LBCF 2.3 In this divine and infinite Being there are three subsistences, the Father, the Word or Son, and Holy Spirit, of one substance, power, and eternity, each having the whole divine essence, yet the essence undivided: the Father is of none, neither begotten nor proceeding; the Son is eternally begotten of the Father; the Holy Spirit proceeding from the Father and the Son; all infinite, without beginning, therefore but one God, who is not to be divided in nature and being, but distinguished by several peculiar relative properties and personal relations; which doctrine of the Trinity is the foundation of all our communion with God, and comfortable dependence on him.


----------



## InSlaveryToChrist (Jan 14, 2011)

So the persons of the Trinity are NOT DEPENDENT ON EACH OTHER? So Jesus was not REALLY dependent on the Father and the Holy Spirit, when he lived as a man? Was it just to set to us a model of a true Christian?

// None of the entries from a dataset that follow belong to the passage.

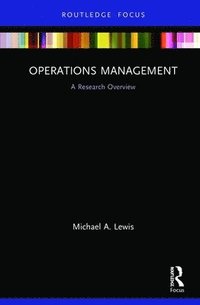 bokomslag Operations Management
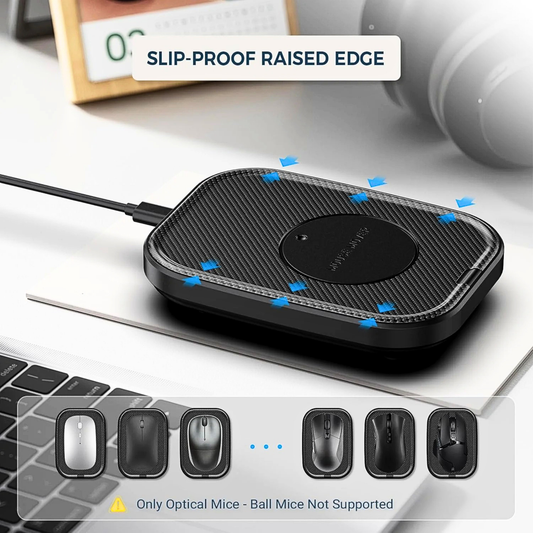Yonktoo Undetectable Mouse Jiggler | No-Software PC Mover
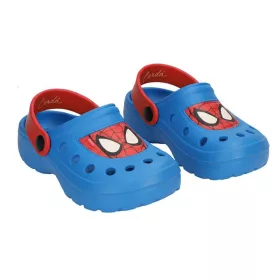 Pókember Eyes Blue gyerek papucs, clog 28/29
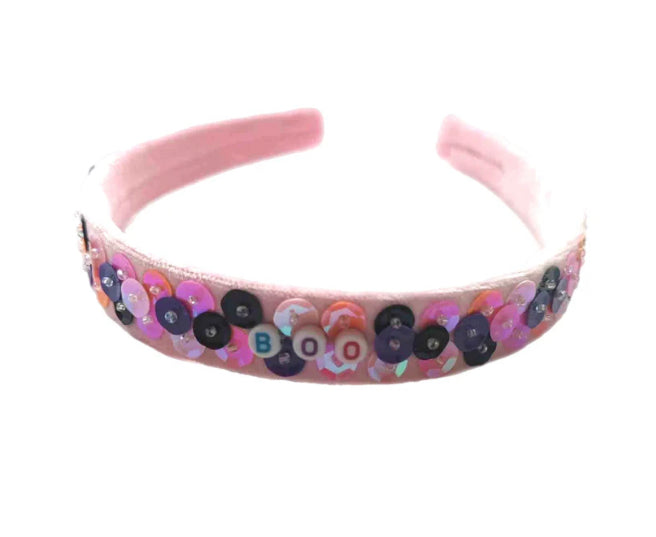 Halloween sequin headbands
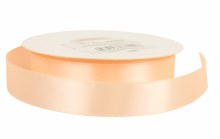 Satin Ribbon 15mm x 25 Yards Peach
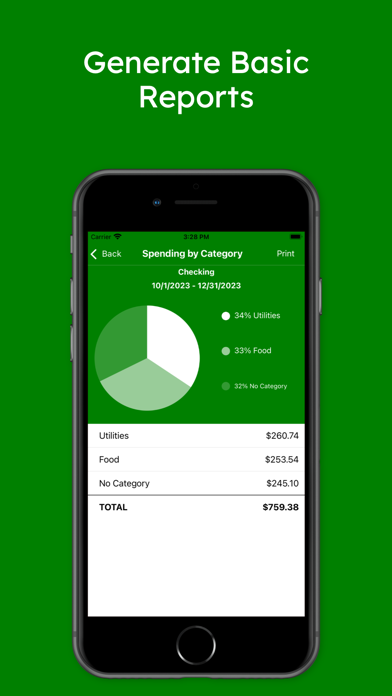 The Checkbook screenshot 3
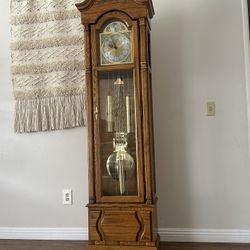 Howard Miller Grandfather Clock 610-160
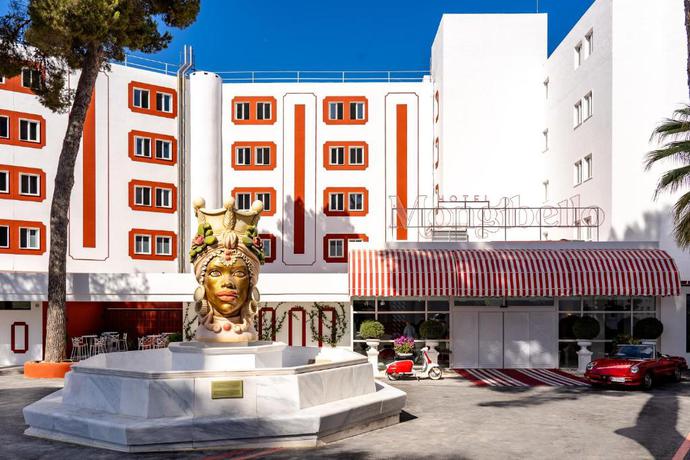 Imagen de los exteriores del Hotel Mongibello Ibiza. Foto 16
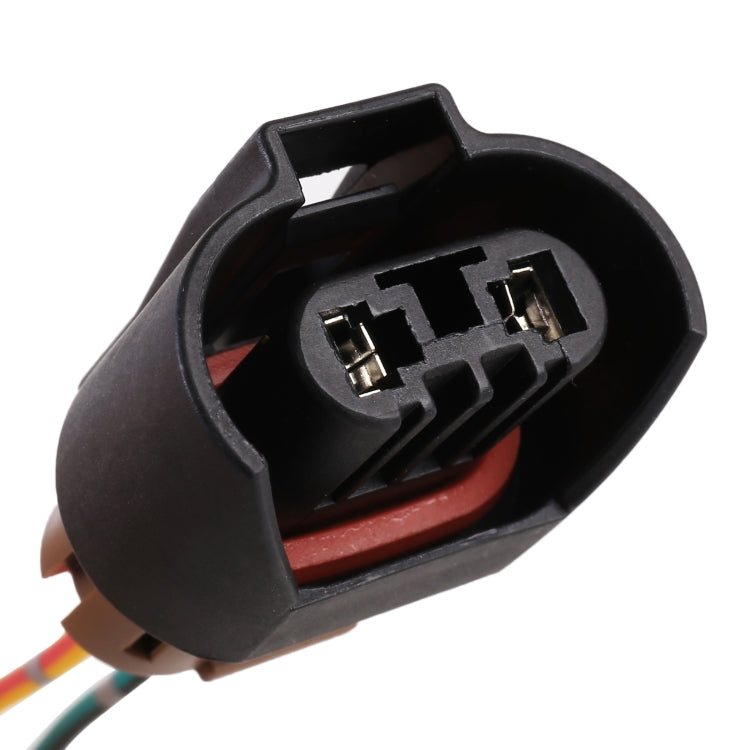 一對 9005 適用於豐田 燈座母頭 帶線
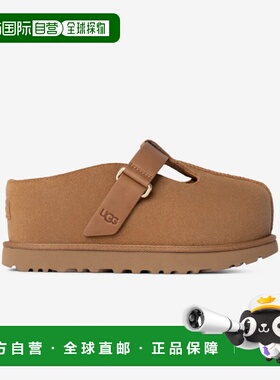 韩国直邮UGG女士舒适时尚经典厚底保暖休闲拖鞋1167550-CHE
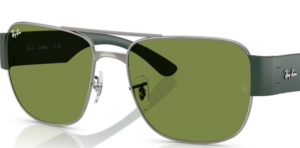 Verres originaux Ray-Ban RB3756, couleur 4E · Vert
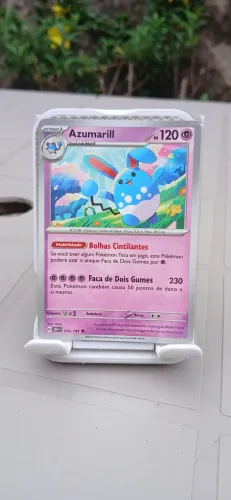 Carta Pokemon Azumarill Normal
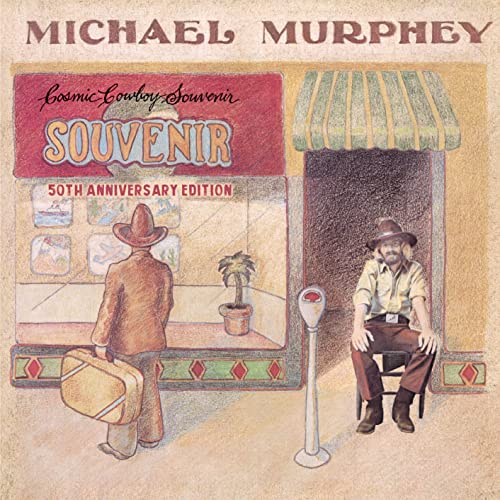 Michael Martin Murphey Cosmic Cowboy Souvenir CD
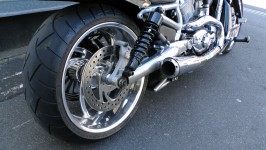 Harley Davidson Motorcycle Exhaust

---------- Post added at 12:18 PM ---------- Previous post was at 12:15 PM ----------

Furthermore, how do you explain Jesus' own words, "My _meat_ is to do the will of my Father." He could not _live_ apart from pleasing his Father. And on the other side, some great theologians have said that "The Father's eternal happiness consists of His own Son." That would mean the Father's happiness depends on the Son. Is this not Biblical?


----------



## greenbaggins (Jan 14, 2011)

InSlaveryToChrist said:


> So the persons of the Trinity are NOT DEPENDENT ON EACH OTHER? So Jesus was not REALLY dependent on the Father and the Holy Spirit, when he lived as a man? Was it just to set to us a model of a true Christian?


 
I don't know that "dependent" on each other is a helpful way to put it. All three persons complete exhaust the divine essence. If wants to put it mathematically, 100% God plus 100% God plus 100% God equals 100% God. And yet, the persons are still eternally distinct. The main category that helps us to understand this is perichoresis, the mutual indwelling and interpenetration of the persons. So, rather than speak of "dependent," I would use the words "mutually indwelling." It is a happy thing, by the way, to wonder about the Three and the One. You cannot think of the One without thinking of the Three, and you cannot think of the Three without thinking about the One. Lots of mystery here, and WAY better minds than any on this board have been stopped short in trying to understand how this works.


----------



## InSlaveryToChrist (Jan 14, 2011)

greenbaggins said:


> InSlaveryToChrist said:
> 
> 
> > So the persons of the Trinity are NOT DEPENDENT ON EACH OTHER? So Jesus was not REALLY dependent on the Father and the Holy Spirit, when he lived as a man? Was it just to set to us a model of a true Christian?
> ...


 
Could you directly answer my other questions:



> Furthermore, how do you explain Jesus' own words, "My meat is to do the will of my Father." He could not live apart from pleasing his Father. And on the other side, some great theologians have said that "The Father's eternal happiness consists of His own Son." That would mean the Father's happiness depends on the Son. Is this not Biblical?


----------



## Phil D. (Jan 14, 2011)

Personally I have found A'Brakel's treatment of the doctrine of God to be very helpful. It's not necessarily short reading, but eminently readable. One can access it here (chapters 3 and 4, starting on p.83 of the linked file).


----------



## InSlaveryToChrist (Jan 14, 2011)

Phil D. said:


> Personally I have found A'Brakel's treatment of the doctrine of God to be very helpful. It's not necessarily short reading, but eminently readable. One can access it here (chapters 3 and 4, starting on p.83 of the linked file).


 
But you cannot answer whether the Father's happiness consists of/is dependent on the Son, and vice versa?


----------



## greenbaggins (Jan 14, 2011)

InSlaveryToChrist said:


> greenbaggins said:
> 
> 
> > InSlaveryToChrist said:
> ...


 
Hmm. Difficult question to answer. It is certainly biblical to say that each person of the Trinity delights in the other. The danger of saying that the Father's happiness depends on the Son is that then the persons are not self-sufficient. Wouldn't they cease to be God that way? I would say they offer love freely to each other and delight in each other. The Son's delight is to do the will of the Father, just as the Father's delight is to will that which the Son is willing to do. Dependence is dangerous territory, in my mind.


----------



## Phil D. (Jan 14, 2011)

InSlaveryToChrist said:


> But you cannot answer whether the Father's happiness consists of/is dependent on the Son, and vice versa?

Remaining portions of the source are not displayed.